Agonists, antagonists, and partial agonists

Receptor ligands can be distinguished on the basis of their potential to initiate a biological response following receptor binding:

• Agonists bind to a receptor protein to produce a conformational change, which is necessary to initiate a signal that is coupled to a biological response. As the free ligand concentration increases, so does the proportion of receptors occupied, and hence the biological effect. When all of the receptors are occupied the maximum biological effect is achieved. It has been observed in many receptor systems that full agonists can elicit the maximum effect without occupying all available receptors, suggesting the concept of ‘spare receptors’. This apparent excess of receptors allows full responses to occur at lower ligand concentrations than would otherwise be required.

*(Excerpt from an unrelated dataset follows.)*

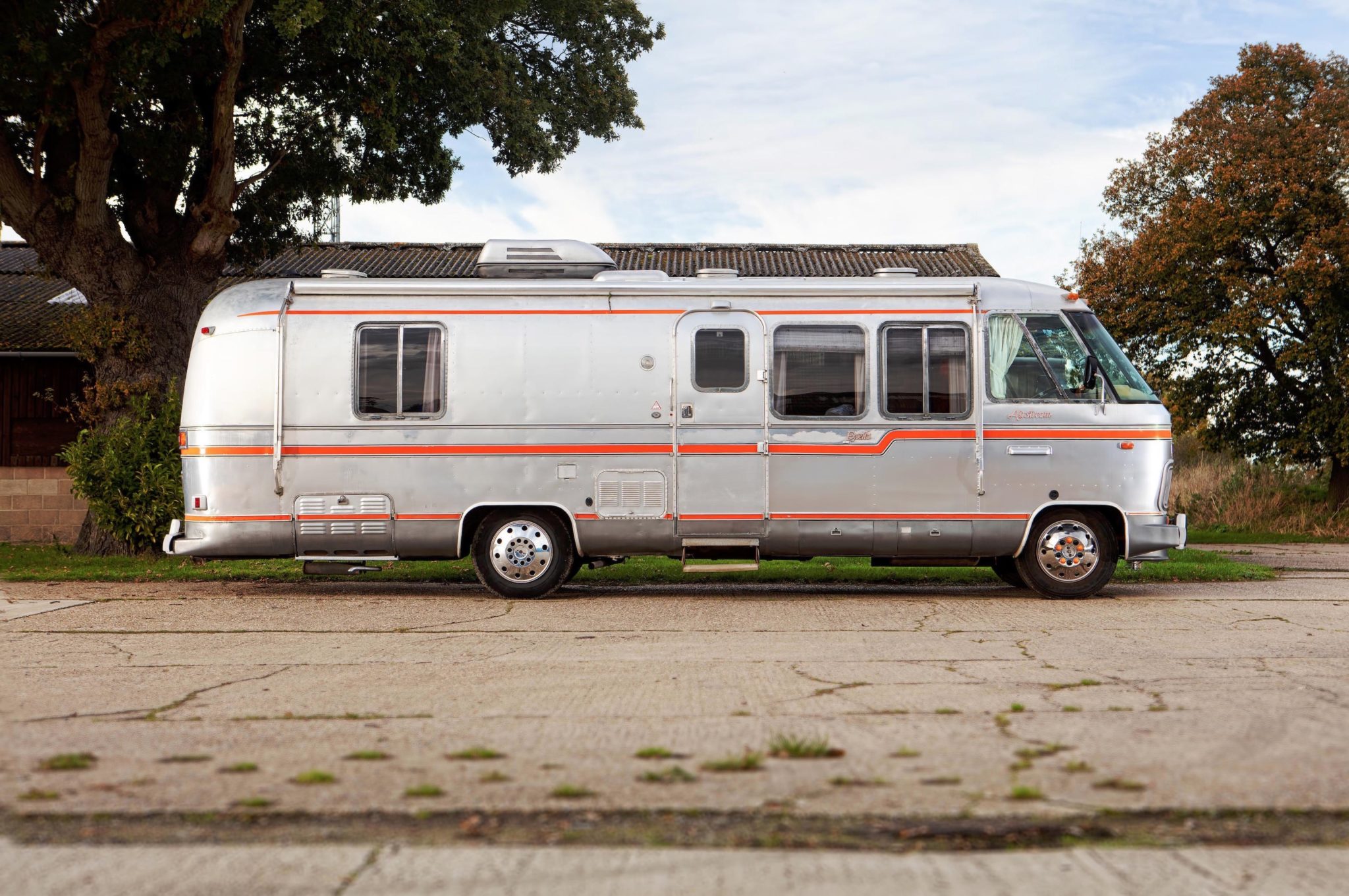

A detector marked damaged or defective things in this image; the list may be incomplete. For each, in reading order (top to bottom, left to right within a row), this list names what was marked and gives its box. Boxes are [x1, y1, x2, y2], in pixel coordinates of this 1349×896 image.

crack in concrete [18, 662, 294, 722]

• Antagonists bind to a receptor but do not produce the conformational change that initiates an intracellular signal. Occupation of the receptor by a competitive antagonist prevents binding of other ligand and so 'antagonizes' the biological response to the agonist. The inhibition that antagonists produce can be overcome by increasing the dose of the agonist. Some antagonists interfere with the response to the agonist in other ways than receptor competition and are known as non-competitive antagonists. Simply increasing the dose of the agonist cannot overcome their effects and so the maximum response to the agonist (its 'efficacy') is reduced.

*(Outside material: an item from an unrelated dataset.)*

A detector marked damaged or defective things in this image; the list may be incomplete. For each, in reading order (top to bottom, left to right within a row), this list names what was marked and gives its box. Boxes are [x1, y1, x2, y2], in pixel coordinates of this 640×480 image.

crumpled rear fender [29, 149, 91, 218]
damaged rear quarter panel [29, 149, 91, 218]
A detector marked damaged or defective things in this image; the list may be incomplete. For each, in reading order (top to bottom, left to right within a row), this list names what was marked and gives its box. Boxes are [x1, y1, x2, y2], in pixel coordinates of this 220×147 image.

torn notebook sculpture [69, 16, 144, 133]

• Partial agonists are able to activate a receptor but cannot produce a maximal signaling effect equivalent to that of a full agonist even when all available receptors are occupied. When mixed with full agonists, partial agonists block receptor sites that could potentially be occupied by the full agonist, which reduces the overall response (i.e. they seem to antagonize the effect of the full agonist). Partial agonists have some advantages as therapeutic agents. Although they are unable to achieve the same maximum effect as the full agonist, they are less likely to produce receptor-mediated adverse effects at the top of their dose–response curve (e.g. the partial opioid receptor agonist buprenorphine does not cause as much respiratory depression as morphine when it is used as an analgesic).

• Inverse agonists produce the opposite effect to the full agonist when they bind to a receptor. For inverse agonists to be identified, the relevant endogenous receptor must show some degree of coupling to a biological response even in the absence of ligand binding (i.e. constitutive activity). Many receptors possess constitutive activity.